Mais ici, l'édifice, comme une Entité Vivante initiée par la géométrie sacrée, lui donnerait vie: Notre Dame appelle toujours à sa restauration. Ce n'est plus dans ce contexte une nature qui a horreur du vide, mais "une plénitude vivante du vide".

Eugène Violet Leduc cherchera à  redécouvrir les techniques des Maitres Bâtisseurs, selon la géométrie sacrée: retrouver les loi de l'équilibre exact entre plein et vide, sinon tout édifice est voué à la destruction dit il.

  • Il est capable de raisonner mais il adhère également à la folie du système.
  • Malice ou mégalomanie? Son imaginaire est le prolongement de son érudition.
  • Tout rationnel et positiviste que soit Violet Leduc, il a une fascination pour l'occulte: il construit le Stryge, chimère, monstres fantastiques : Dragon qui ne datent pas du Moyen Age.Ce Stryge serait il la représentation du Nagual?

Pour lui, restaurer un édifice c'est le rétablir dans un état complet qui peut être n'a jamais exister.

  • Restaurer= le donner à voir dans un état idéal.

                                                                   C'est l'état ORIGINEL qui le redonne.

                            Comment l'état originel peut il lui demander d'intégrer des monstres comme Le Stryge?

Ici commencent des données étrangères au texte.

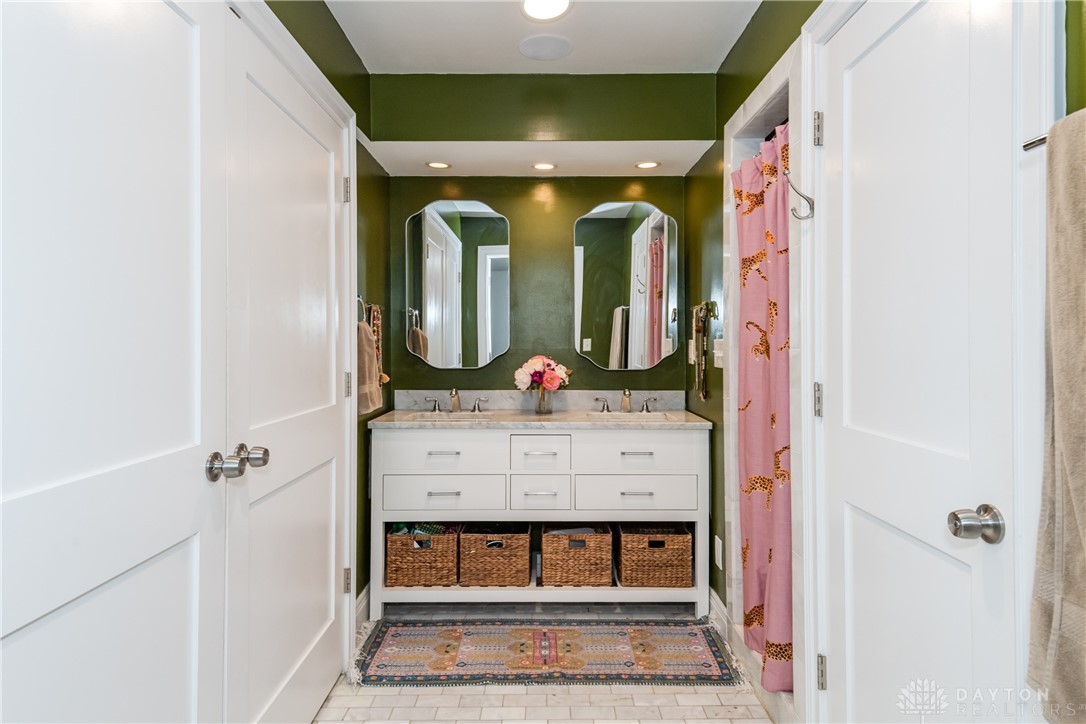 2210 Ridgeway Road, Oakwood, Ohio image 33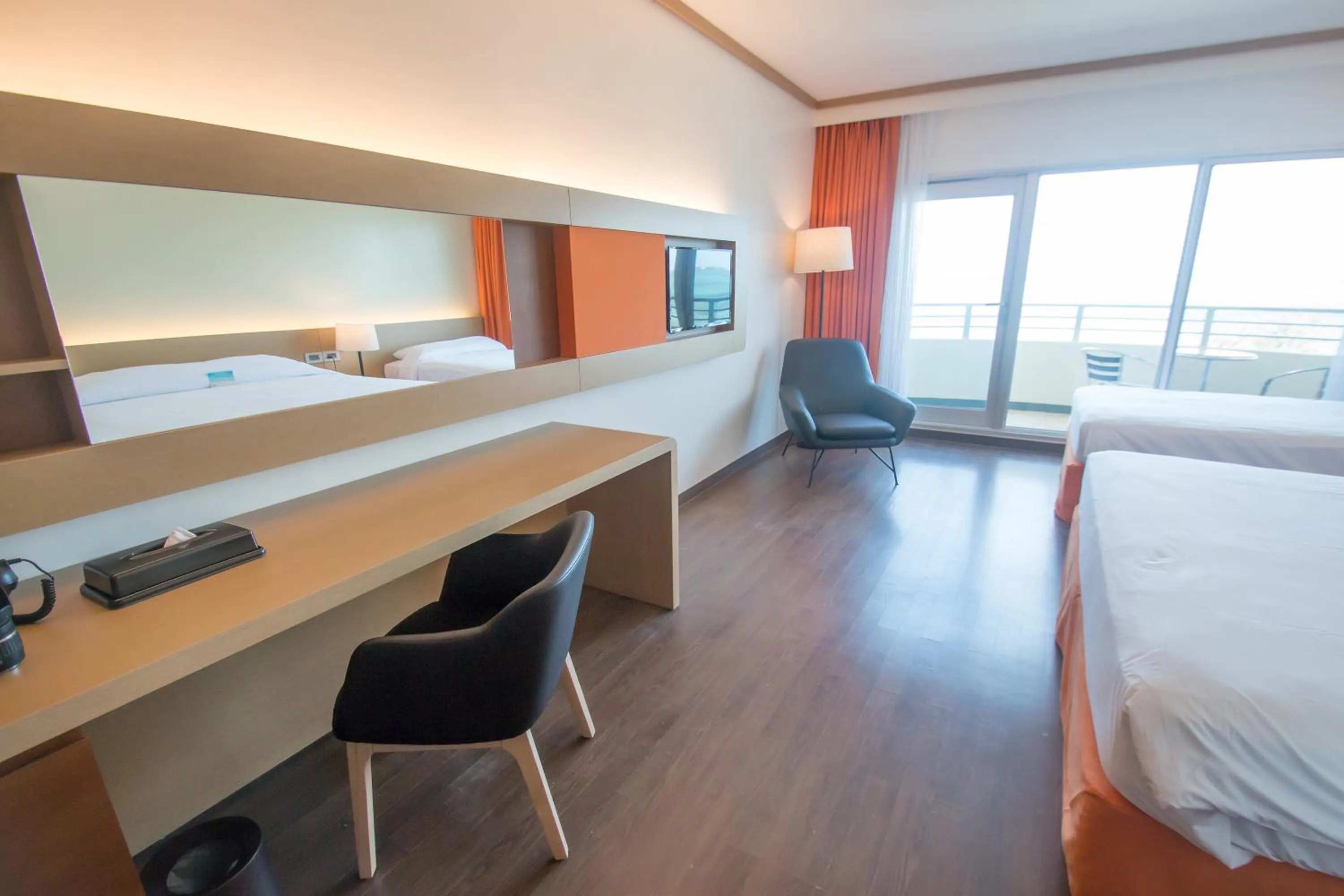 Photo of the whole room, Bed in Saipan World Resort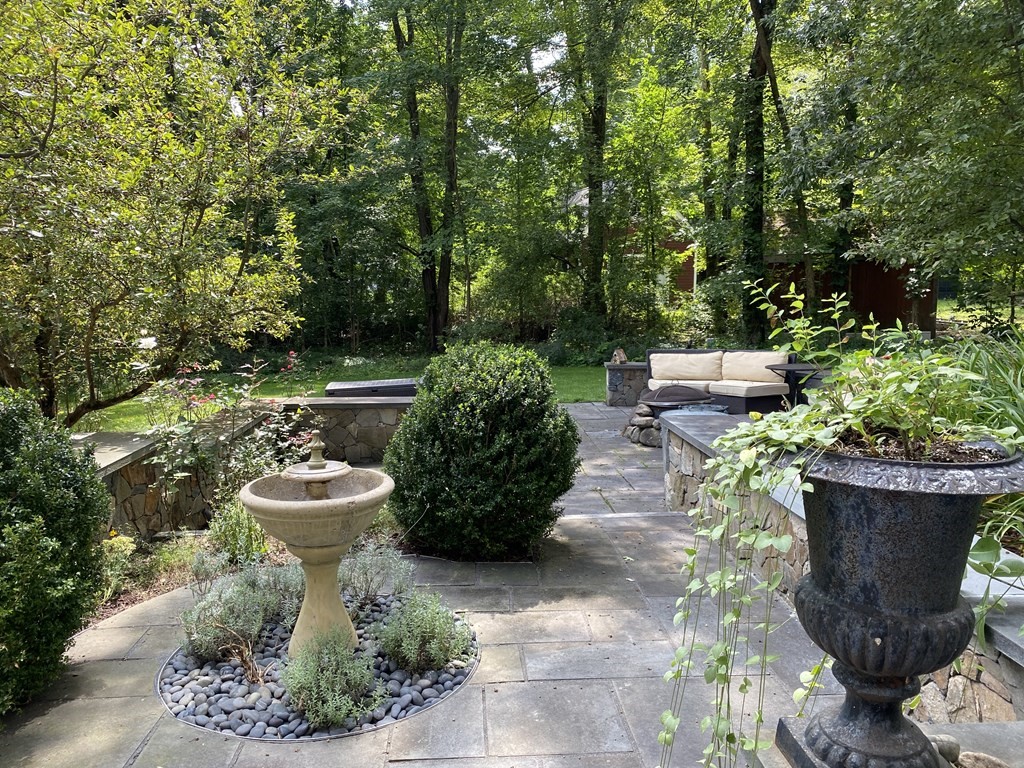 175 Maple Street Sherborn, MA 01770 - Photo 42 of 42 Gallery Image 42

                                            

Durant cette période de confinement, lorsque j'ai eu l'occasion de voir ce reportage sur Mario Bota , sa passion pour la géométrie sacrée, et ce reportage sur Notre-dame de Paris et son évolution au cours des siècles, mon corps a eu faim de cette géométrie. Signe qu'il commençait à s'exprimer hors de l'emprise des FORMES illusoires? Envie surement de sortir de la mal-édiction: du syndrome de Stockholm???

La médecine pose des di-a-gnostics: nous sommes dans le deux(di) fois sans gnose.Comme un S barré deux fois....nous connaissons tous cet autre symbole du dollard...

Pourrait on penser que cette géométrie sacrée corporelle, libre de nos délires, puissent réorganiser nos fonctions vitales?

Voici tout le défis que mon Esprit me présente par chaque évènements  dans ma vie, pour sortir de cette illusion, et retrouver et intégrer les forces de scission, monde entre parenthèse qui permettraient peut être au delà de la douleur de séparation: douleur de la perte de ces états de toute puissance ou de fusion, de retrouver le sacré de la vie en action et non pensé par un esprit avide et orgueilleux?

 

Tou est défense contre la castration du désir de faire un avec. Nous restons dans le souvenir, la mémoire de l'intelligence universelle. Nous avons vu qu'au cours de la Chute, nous sommes passé de L'intelligence universelle à l'intelligence par une grande épreuve: celle de la scission: nous ne sommes plus le Tout. Pour s'incarner il a fallu s'incarner dans un corps de femme ou un corps d'homme.

Il y a de la souffrance dans cette scission bien sûre: douleur de la perte,

  • c'est cette douleur également que nous fuyons dans nos déplacements..

Mais c'est dans la condamnantion à perdre que l'on gagne...Mais que gagne t'on, si l'on accepte cette scission souffrante. Qu'y a t'il au delà de cette souffrance que l'on fuit, souffrance qui est aussi castration de cette unité?. Que gagne t'on dans cette dualité qui est plus que cette unité et volonté de semblables?

  • Nous gagnons un corps.

Quel est le gain à avoir ce corps?

JE reviens sur cette proposition: et  si cette géométrie était inscrite dans le corps? nous nous référons à ce que nous voyons: une géométrie naturelle actuellement dystordue par nos dystorsions?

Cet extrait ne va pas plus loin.